1. First, starting with the capacitor discharged, it will look like a DC short so the load will see the full battery Voltage or +10 V.
2. As the capacitor charges that charge will show as an increasing Voltage that is bucking the battery so the load will see V2 as decreasing from +10 V down to zero or some lower number depending on how long the capacitor charging is allowed to continue.
3. Then the capacitor is reversed so it's +10 V is in series with the battery and the load sees +20 V for an instant.
4. Then the capacitor starts to discharge through the load and battery so it's Voltage decreases and the load sees a Voltage that decreases from the +20 V value back down to the +10 V value.
5. And it repeats.

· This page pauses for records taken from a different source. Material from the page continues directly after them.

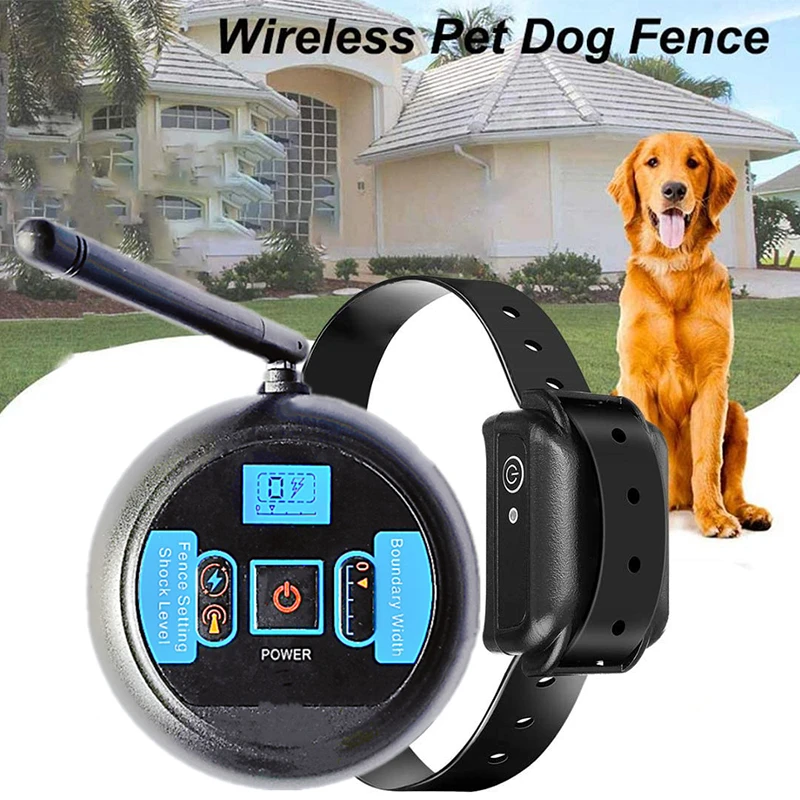 What Is A Wireless Dog Fence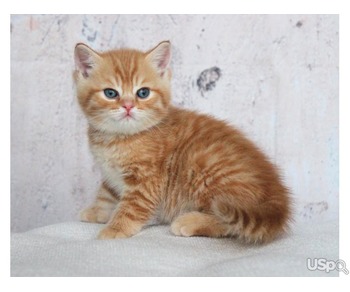 Gold British Shorthair Kittens for sale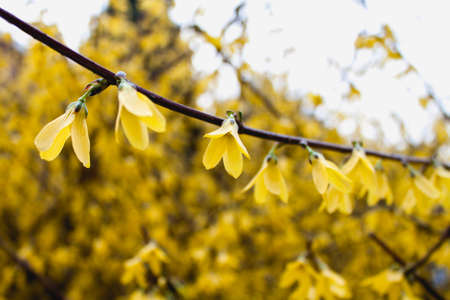 Winter Jasmineの写真素材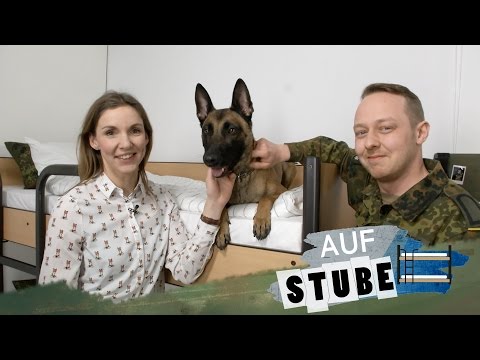 Video: Wie ein Tag im Leben eines Diensthundes aussieht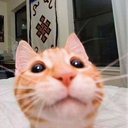 33 emote for Discord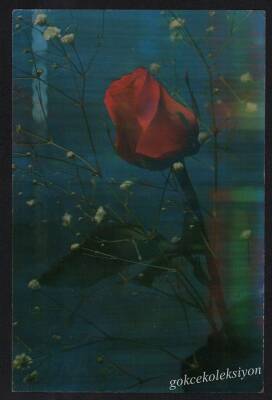 Gül Temalı Kartpostal KRT3022 - 1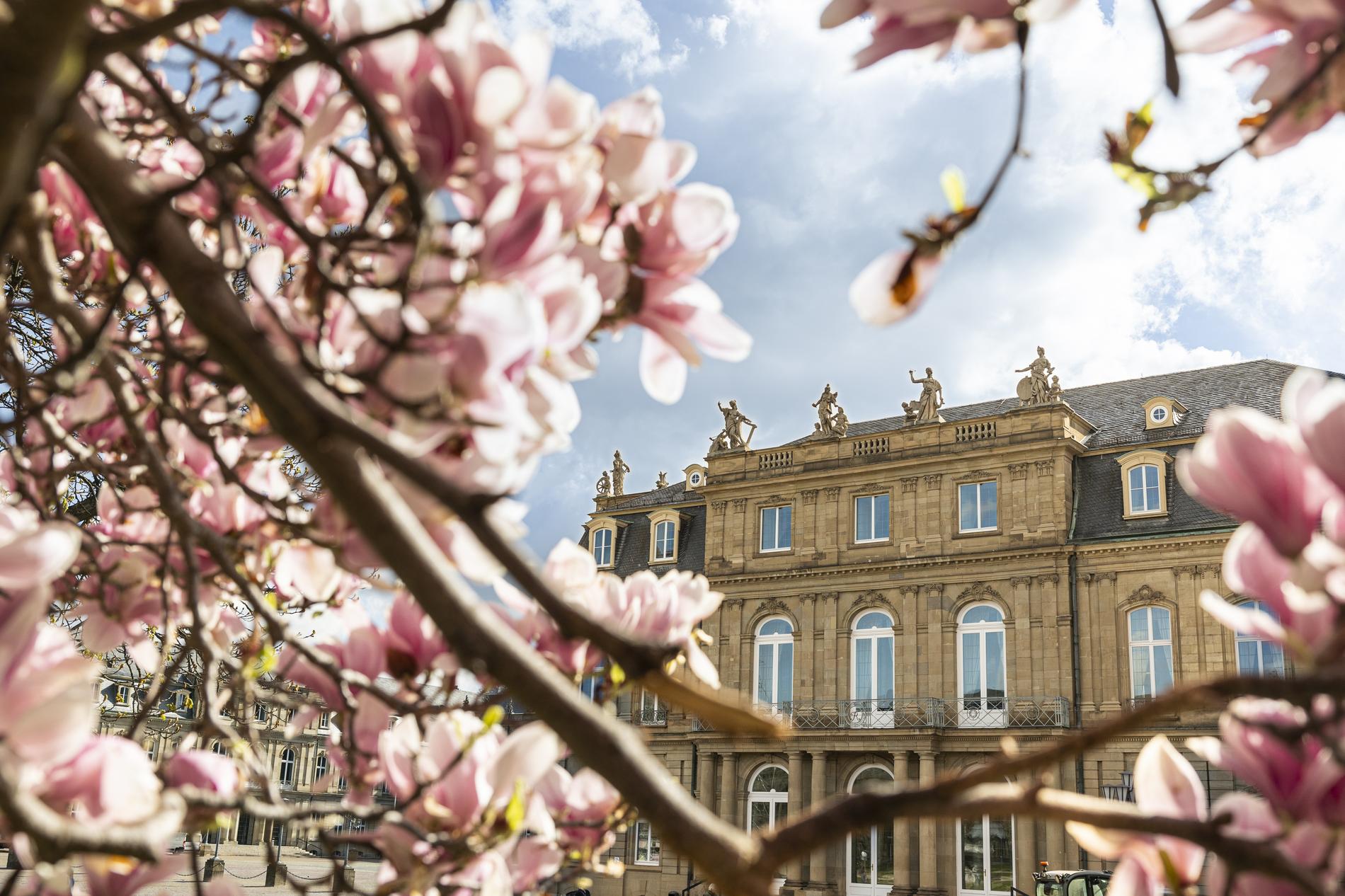 Kirschblüten auf dem Schlossplatz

V2 looks something like this:
{My attachment should be HERE! But this stupid BB software does not seem to want that. I give up. It is below}
I would alter your drawing by having the battery Voltage connected to the load while the capacitor is charging. That way the half of my drawing below 10 V would become a straight line at 10 V.
But even that is NOT how I would double the Voltage to the load. I do not see any reason why a floating ground is needed in this circuit. I would use the battery Voltage to run a DC to AC converter which produces an AC Voltage. Then I would use a conventional Voltage doubler circuit (diodes and capacitors) to boost the Voltage to the 20 VDC level. This would include A GROUND connection to the battery minus terminal.
Or, BETTER YET, just use a DC to DC converter in boost mode WITH A GROUND connection to the battery minus terminal.
The "floating ground" buys you nothing in a battery powered circuit. The whole thing can float. It can float on top of 100,000 VDC if you wish and it will still work. Just turn the 100,000 VDC OFF before changing the battery.
By transforming a quadripole into a dipole, it will be hard to get anything else than |V2| <= |V1|.
Maybe we can try leveraging some quantum effect.
So you are saying that there is no way to get V2 above V1 even for a short period of time ?
No, for a transient, the question is obvious and answered already by magic. Just put anything in series which has a charge. It will just be extra energy that has been stored previously though.
But once this charge is depleted, game over. So what does that bring to the table?